> _TASK DIRECTIONS_
Character for character, transcribe the entries below, minus the images.

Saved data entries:
◆ ◆ ◆ ◆ ◆ ◆ ◆

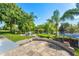 Large backyard with patio, pond view, and trampoline at 5321 Cordgrass Bend Ln, Port Orange, FL 32128
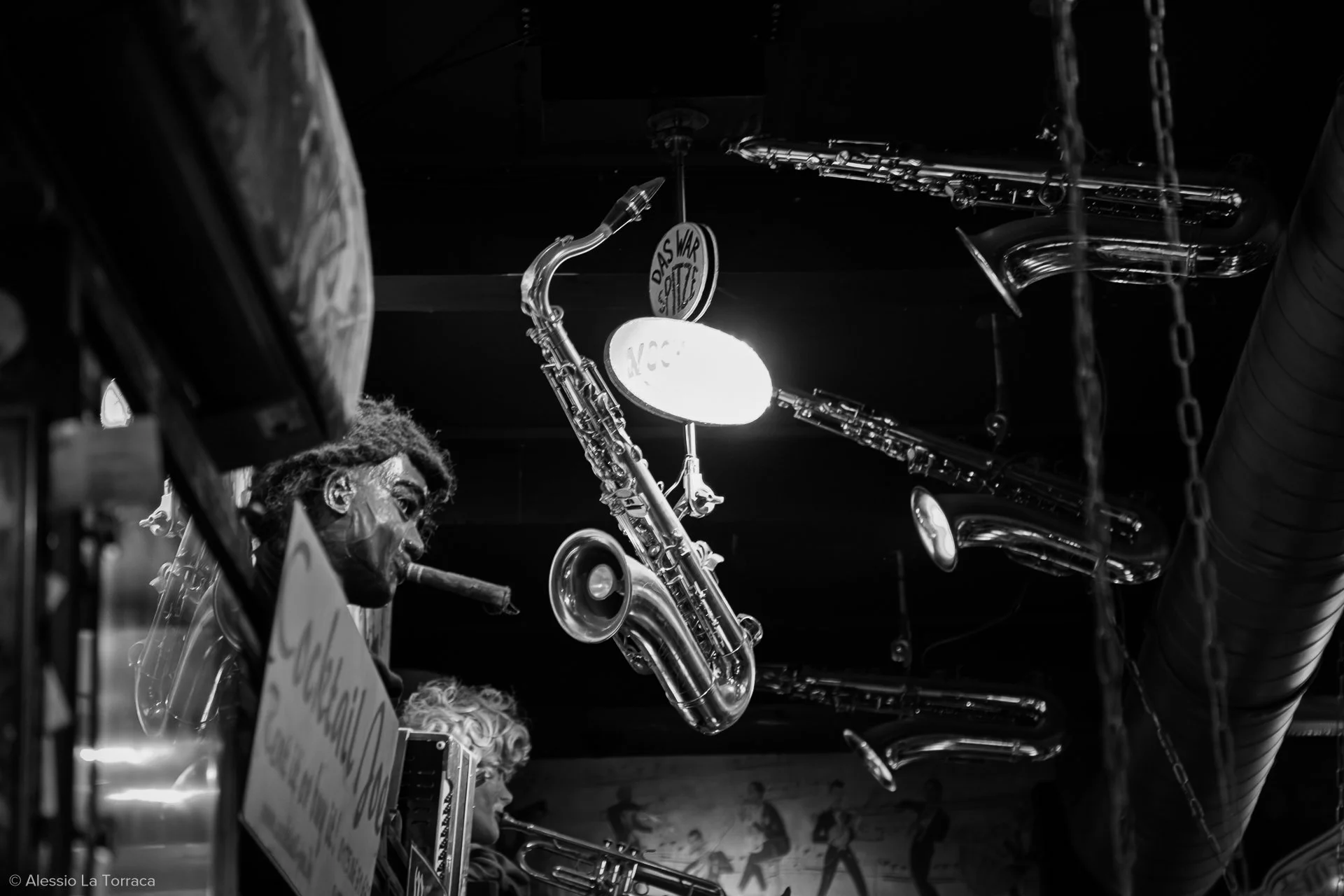 Black and white photo of two jazz musicians playing saxophones in a dimly lit music venue. The musicians are focused, with one smoking a cigar. There are chains hanging from the ceiling and a sign that reads 'DAS WAR ETC' in the background.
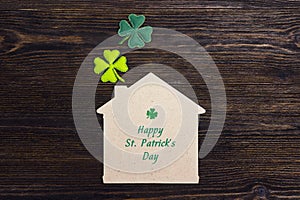 St.Patrick`s day greeting message with home symbol and clover l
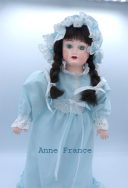 Poupée de porcelaine, ses cheveux sont bruns avec des nattes et ses yeux verts. Sa tête et les membres sont en porcelaine son corps est en tissus. Sa robe est bleue pâle , elle a de la dentelle blanche au collet de sa robe, aux manches et en bas de la robe ainsi qua la taille. Elle possède son ourson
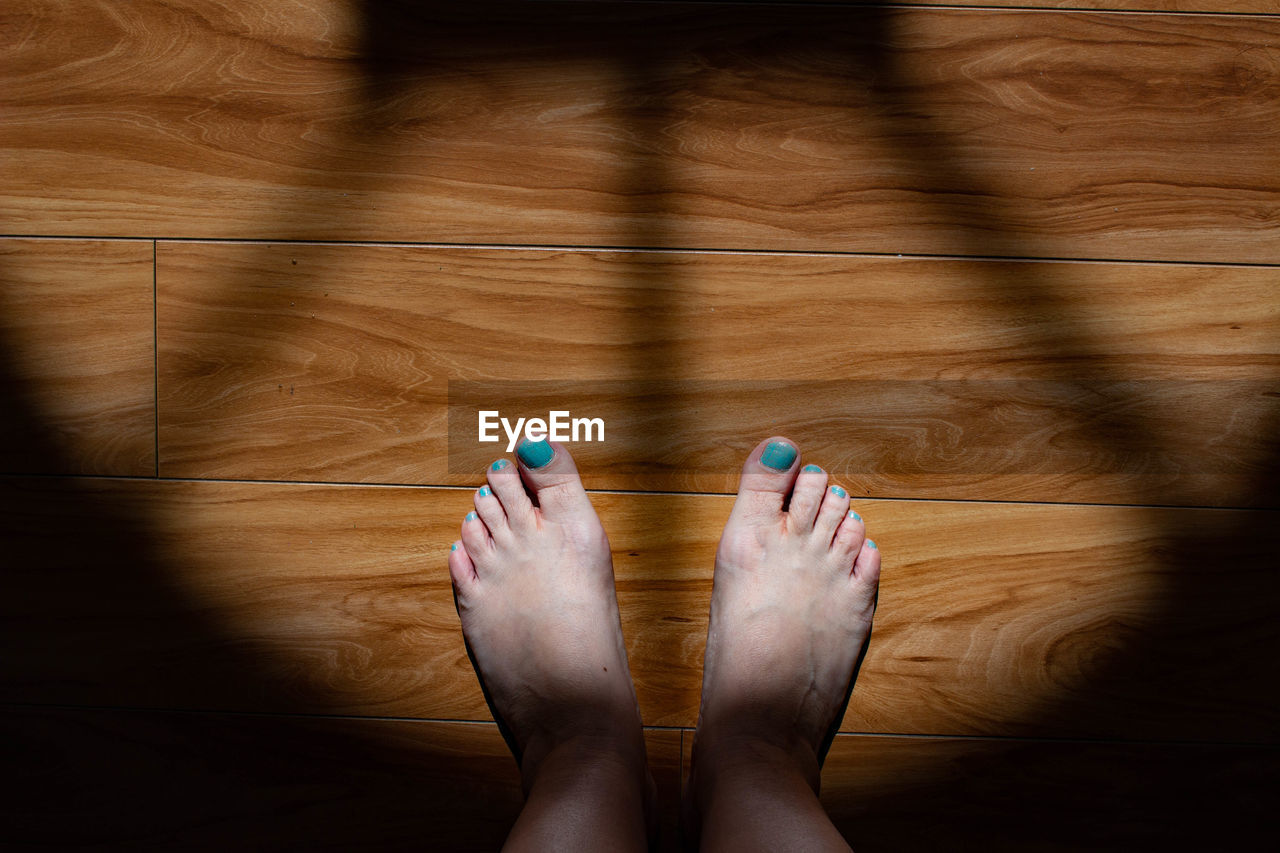 Low section of woman standing on wooden floor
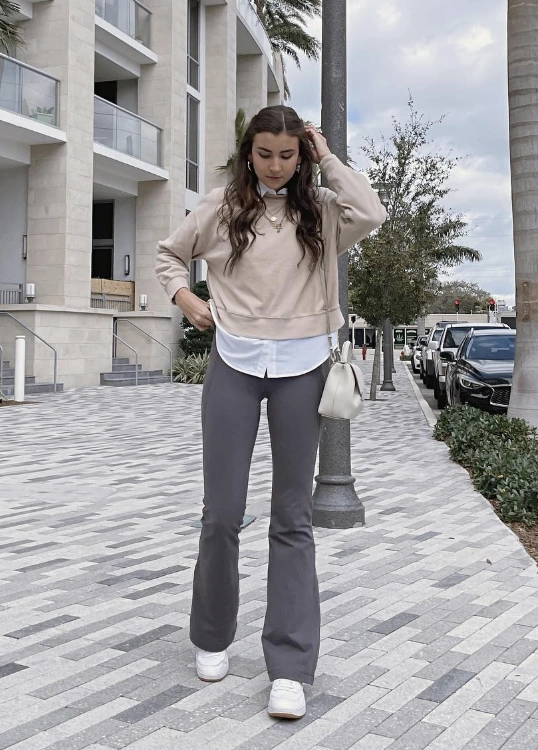 Beige Cropped Sweatshirt + White Button-Up Shirt + Grey Flared Leggings + White Sneakers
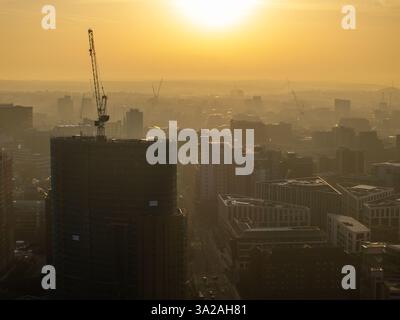 Una vista sopraelevata del centro di Leeds durante l'alba, evidenziando l'attività di costruzione nel mezzo dello skyline urbano sotto un'alba dorata. Foto Stock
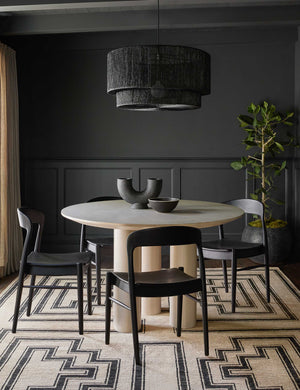 Mojave Round Dining Table sits in a room with black accented walls, black dining chairs, and a black and neutral patterned rug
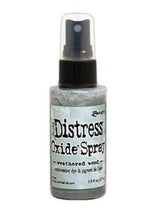 Load image into Gallery viewer, Tim Holtz - Distress Oxide Spray. Creates oxidized effects when sprayed with water. Use for quick and easy ink coverage on porous surfaces. Spray through stencils, layer colors, spritz with water and watch the color mix and blend. Available at Embellish Away located in Bowmanville Ontario Canada. weathered Wood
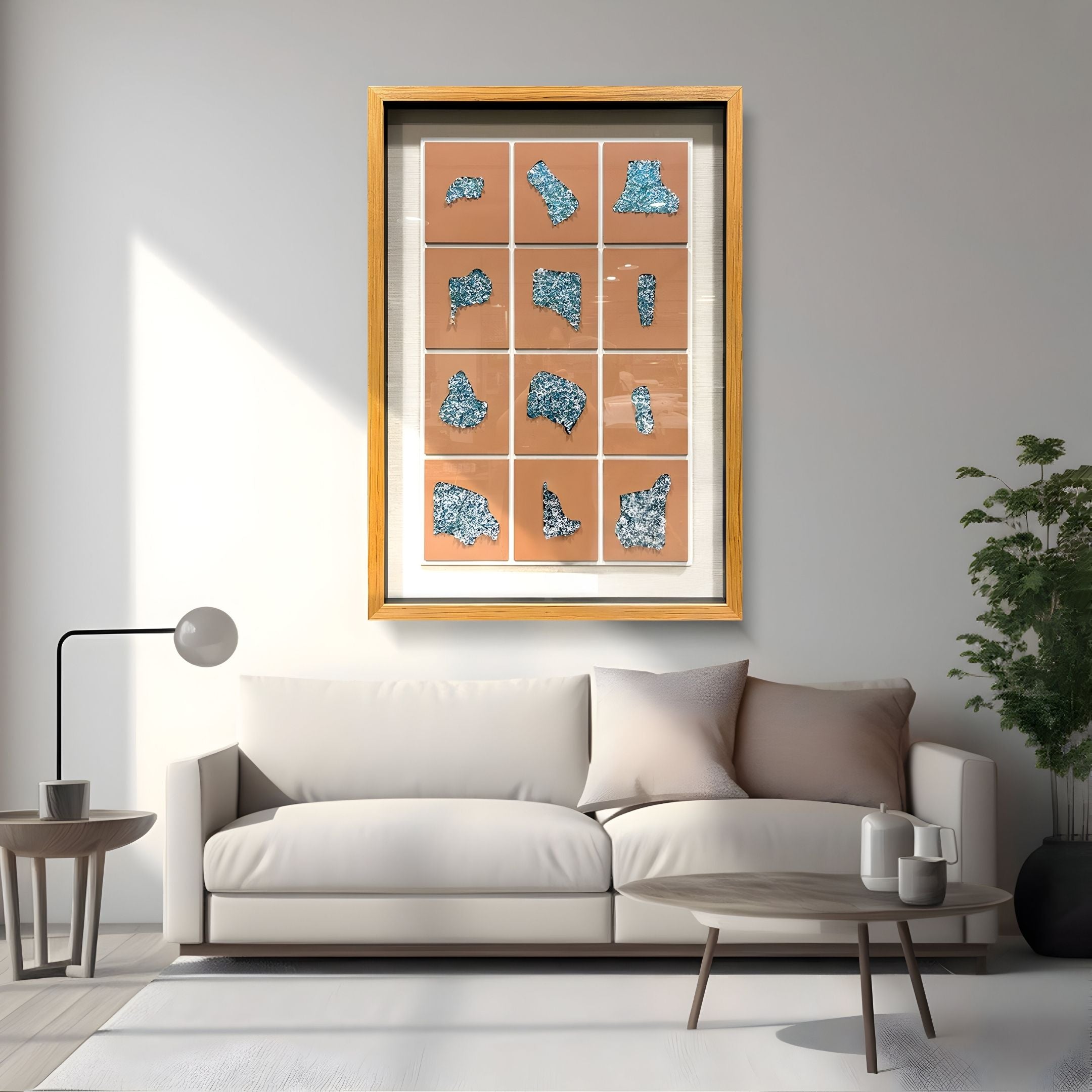 A modern living room with a white sofa, round coffee table, floor lamp, potted plant, and the Agliera Aqua Crystal Shard Grid Framed 3D Wall Art by Giant Sculptures featuring blue shapes on an orange background displayed on the wall.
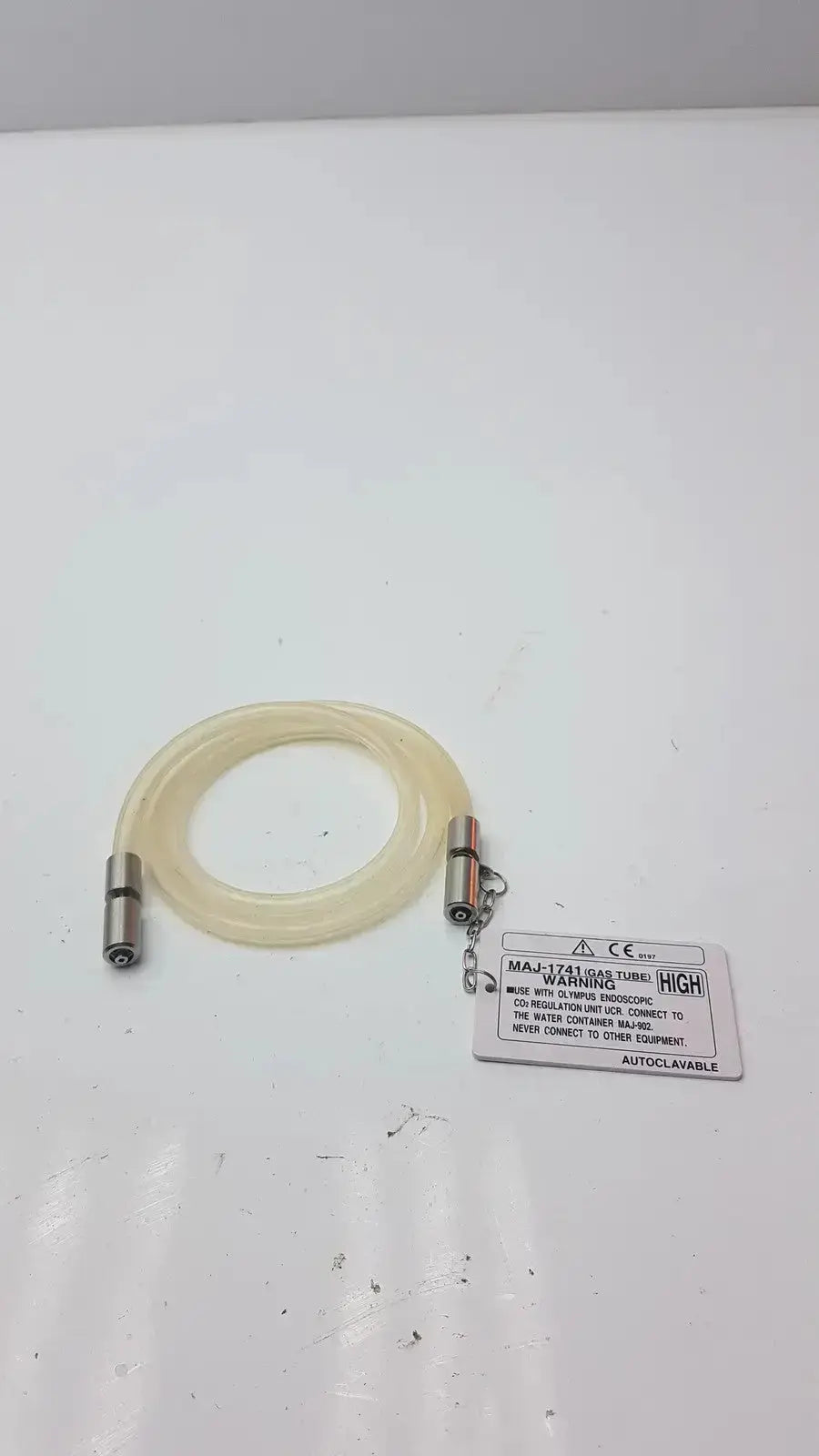 Clear flexible high-flow gas tube with metallic connectors and warning label for Olympus endoscopic gas tube fit unit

◆ ◆ ◆ ◆ ◆ ◆ ◆

> _SOLVED EXERCISE_
 Large backyard with patio, pond view, and trampoline at 5321 Cordgrass Bend Ln, Port Orange, FL 32128
 Black and white photo of two jazz musicians playing saxophones in a dimly lit music venue. The musicians are focused, with one smoking a cigar. There are chains hanging from the ceiling and a sign that reads 'DAS WAR ETC' in the background.
 St.Patrick`s day greeting message with home symbol and clover l
 Poupée de porcelaine, ses cheveux sont bruns avec des nattes et ses yeux verts. Sa tête et les membres sont en porcelaine son corps est en tissus. Sa robe est bleue pâle , elle a de la dentelle blanche au collet de sa robe, aux manches et en bas de la robe ainsi qua la taille. Elle possède son ourson
 Low section of woman standing on wooden floor
 Beige Cropped Sweatshirt + White Button-Up Shirt + Grey Flared Leggings + White Sneakers
 Una vista sopraelevata del centro di Leeds durante l'alba, evidenziando l'attività di costruzione nel mezzo dello skyline urbano sotto un'alba dorata. Foto Stock
 Mojave Round Dining Table sits in a room with black accented walls, black dining chairs, and a black and neutral patterned rug
 Load image into Gallery viewer, Tim Holtz - Distress Oxide Spray. Creates oxidized effects when sprayed with water. Use for quick and easy ink coverage on porous surfaces. Spray through stencils, layer colors, spritz with water and watch the color mix and blend. Available at Embellish Away located in Bowmanville Ontario Canada. weathered Wood
 A modern living room with a white sofa, round coffee table, floor lamp, potted plant, and the Agliera Aqua Crystal Shard Grid Framed 3D Wall Art by Giant Sculptures featuring blue shapes on an orange background displayed on the wall.
 Clear flexible high-flow gas tube with metallic connectors and warning label for Olympus endoscopic gas tube fit unit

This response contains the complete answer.